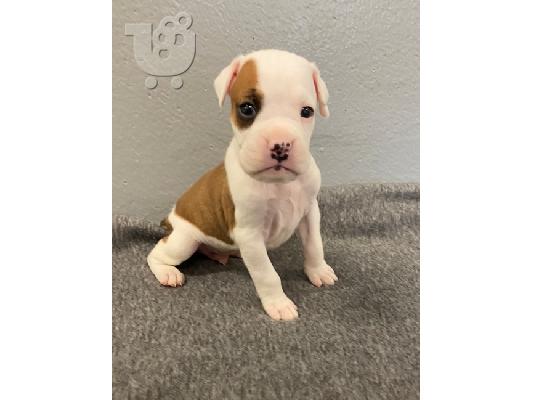 PoulaTo: Boxer Puppies Ready Now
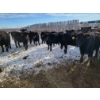 Image 3 : Bauer Ranching - 890# February Weaned Steers - 235 Head (Hilda, AB)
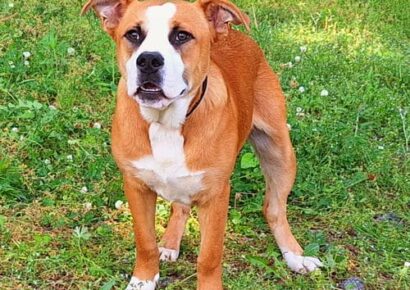 Herbie is ready for his forever home: Humane Society of Elmore County Pet of the Week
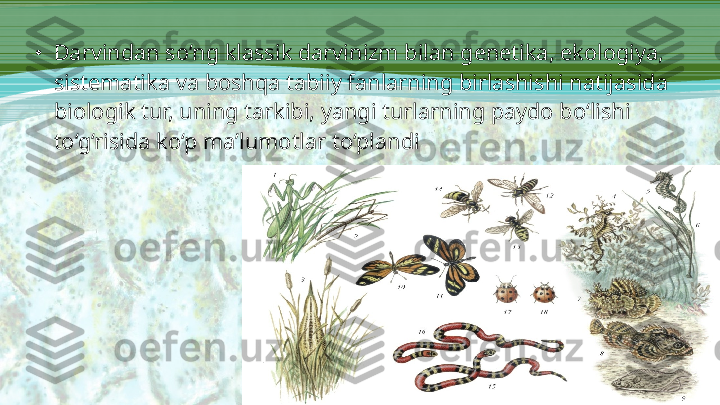 •
Darvindan so‘ng klassik darvinizm bilan genetika, ekologiya, 
sistematika va boshqa tabiiy fanlarning birlashishi natijasida 
biologik tur, uning tarkibi, yangi turlarning paydo bo‘lishi 
to‘g‘risida ko‘p ma’lumotlar to‘plandi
^^^^^^^^
Work to complete:
Everything but the pictures is needed: copy the data above exactly.

Solution below:
 PoulaTo: Boxer Puppies Ready Now
 Image 3 : Bauer Ranching - 890# February Weaned Steers - 235 Head (Hilda, AB)
 Herbie is ready for his forever home: Humane Society of Elmore County Pet of the Week
 •
Darvindan so‘ng klassik darvinizm bilan genetika, ekologiya, 
sistematika va boshqa tabiiy fanlarning birlashishi natijasida 
biologik tur, uning tarkibi, yangi turlarning paydo bo‘lishi 
to‘g‘risida ko‘p ma’lumotlar to‘plandi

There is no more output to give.